I’ve been using OpenCV (Open Computer Vision library built with C++) for the past several weeks as part of work on an image processing project. OpenCV and its Python bindings have been great for providing a foundation of algorithms to work from and for the most part I’ve been happy.

I did stumble across a rather odd error. OpenCV has a rather fast development cycle that is willing to sacrifice backwards-compatibility for better features and a cleaner API. This is especially true for the Python bindings for OpenCV’s C++ libraries, which are generally not as well documented as the native C++ libraries.

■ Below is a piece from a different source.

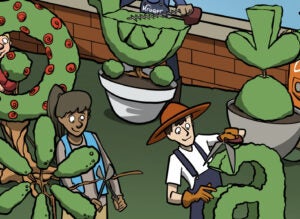 Comic: Retail Media Walled Gardeners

In this case, the error stemmed from the fact that the two major iterations of OpenCV (OpenCV 1.x and OpenCV 2.x) do not work very well together.

OpenCV 1.x did not mesh well with other Python modules used for image processing (notably with NumPy and SciPy). A major example was the image format OpenCV 1.x used, a custom format that had to be translated back and forth to be used with those other modules. OpenCV 2.x has rectified that situation by using NumPy arrays for its images. Unfortunately, because of OpenCV’s fast development cycle, a lot of other libraries that claim compatibility with OpenCV are only compatible with OpenCV1.

In my case, I was using Google’s Tesseract library for character recognition (and Python-Tesseract for Python bindings). Lo and behold, Python-Tesseract was only compatible for OpenCV1. The code looked like the following:

# Python Tesseract bindings
import tesseract
# Importing OpenCV 1.x part of OpenCV 2.x library
import cv2.cv as cv

def detect_words(img):
    """
    Detects words in an image. Returns a string of the words detected. If the
    words are all whitespace, returns None. Adapted from example from 
    Python-Tesseract homepage at http://code.google.com/p/python-tesseract/.

    Keyword arguments:
    img -- the input image that we want to perform detection on
    """
    api = tesseract.TessBaseAPI()
    api.Init(".", "eng", tesseract.OEM_DEFAULT)
    api.SetPageSegMode(tesseract.PSM_AUTO)
    # Tesseract only works with OpenCV1 so have to translate
    cv1img = cv.fromarray(img)
    grey = cv.CreateImage((cv1img.width, cv1img.height), 8, 1)
    cv.CvtColor(cv1img, grey, cv.CV_BGR2GRAY)
    tesseract.SetCvImage(grey, api)
    text = api.GetUTF8Text()
    if text.isspace():
        return None
    else:
        return text

Strangely, when I imported this into other files using OpenCV2 functions, errors in NumPy started showing up in code that was sequentially BEFORE where detect_words was located. All sorts of simple things started going wrong. OpenCV2 functions that depended on NumPy went bonkers. Even just numpy.asarray([1, 2, 3]) didn’t work. They all gave the error TypeError: expected a single-segment buffer object.

I traced it back to taking a slice of a NumPy array which was then run through detect_img.

After spending an inordinate amount of time with Winpdb, for some reason, if I just copied a NumPy array using the built-in copy method and then used that copy for all my NumPy and OpenCV2 needs.

import numpy as np

# Capture image from source as img...
# Crop img
# This will break if we run detect_words on cropped_img
cropped_img = img[BOTTOM_Y: TOP_Y, LEFT_X: RIGHT_X]
# This will not break
temp_crop = img[BOTTOM_Y: TOP_Y, LEFT_X: RIGHT_X]
cropped_img = temp_crop.copy()
# Do stuff
detect_words(cropped_img)

I’m still trying to investigate why this is the case, but hopefully for now this is enough to help at least someone trying to bridge the gap between OpenCV1 and OpenCV2.